2. They “tasted of the heavenly gift”
Those given that bit of light were able to take a taste of what God from heaven gives to us as his creatures. The word “tasted” is the Greek word “geusamenous” (γευσαμένους), a participle from a verb meaning to eat or taste something. Figuratively it can mean partaking of something, not always literally food for our bodies. All the good things we have are gifts of heaven that declare the power and glory of God. Gifts are undeserved by us all. Everyone, even an enemy of God, receives food, breathes the air, drinks the water, and has abilities and skills. The tragedy is that those not redeemed give no glory to God for what they receive.

In Matthew 5:45 Jesus reminded his followers that all of us, our neighbors and enemies, receive good provisions from God. He said, “For he makes his sun rise on the evil and on the good, and sends rain on the just and on the unjust.” Those described here in Hebrews 6 were exposed to God’s blessings and saw them enjoyed by others. God’s merciful provisions sustained even the open haters of the gospel.

Those in focus in this section of Hebrews were presented with the message of the gospel as it was displayed as a promise in the sacrifices and rituals of the Temple. Sadly, many saw the promise of redemption but did not understand its true message. They didn’t receive God’s gift with a true saving faith. They only tasted of it without appreciating its true nourishment to their souls.

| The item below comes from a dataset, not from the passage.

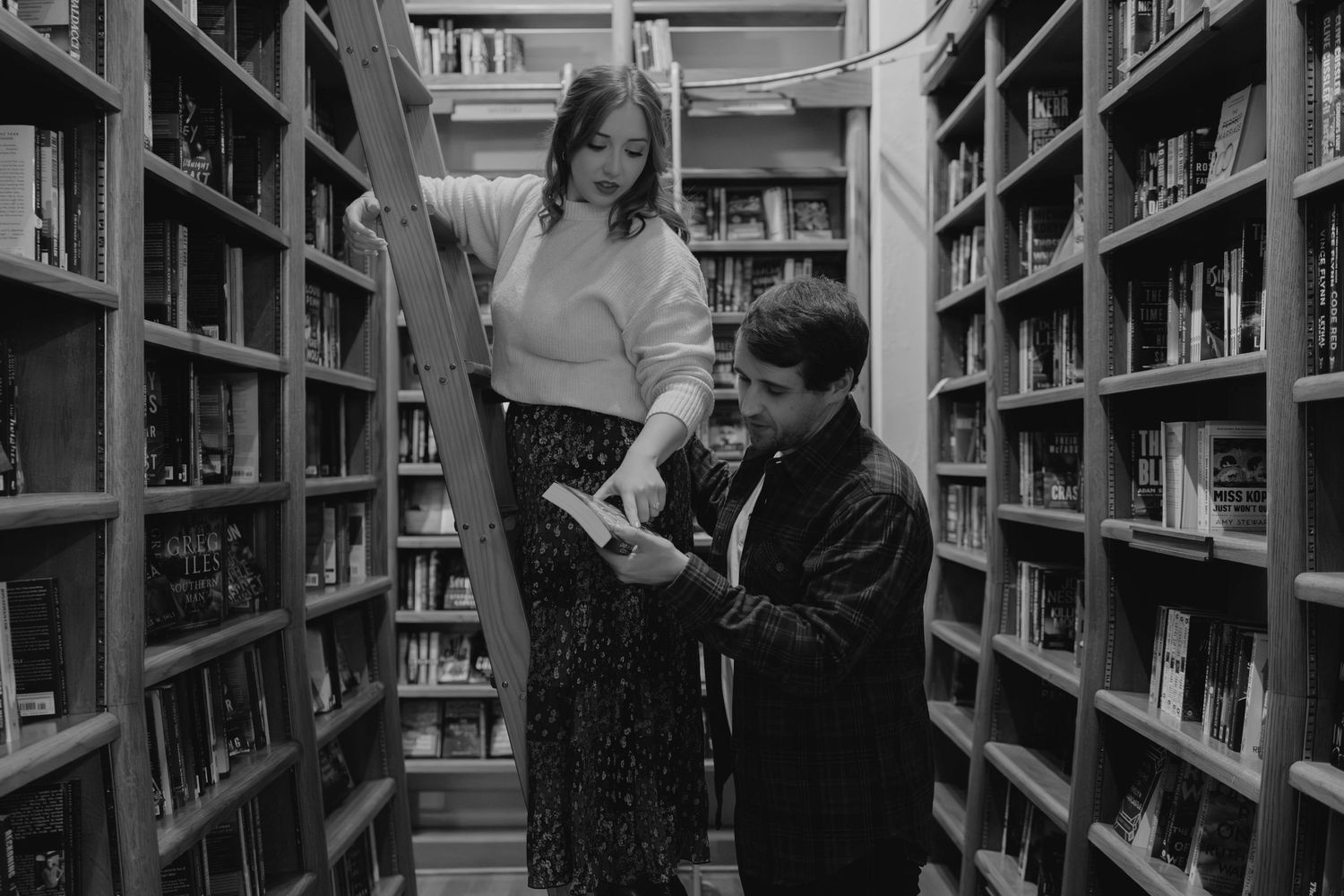Romantic bookstore engagement photos in Oklahoma City with a couple surrounded by books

3. They “have shared in the Holy Spirit”
The Holy Spirit is that person of the Trinity that works in the hearts of people in various ways. In the redeemed he specially dwells in them as comforter to assure them of God’s adoption, and to make them able to grow in holy living. He also works with all humans at times to restrain sin, even in the ungodly. Otherwise sin would go unrestrained and the results would be far more tragic than what we see in our world throughout history. The Holy Spirit is also the agent of God the Father and God the Son to enable our talents and abilities.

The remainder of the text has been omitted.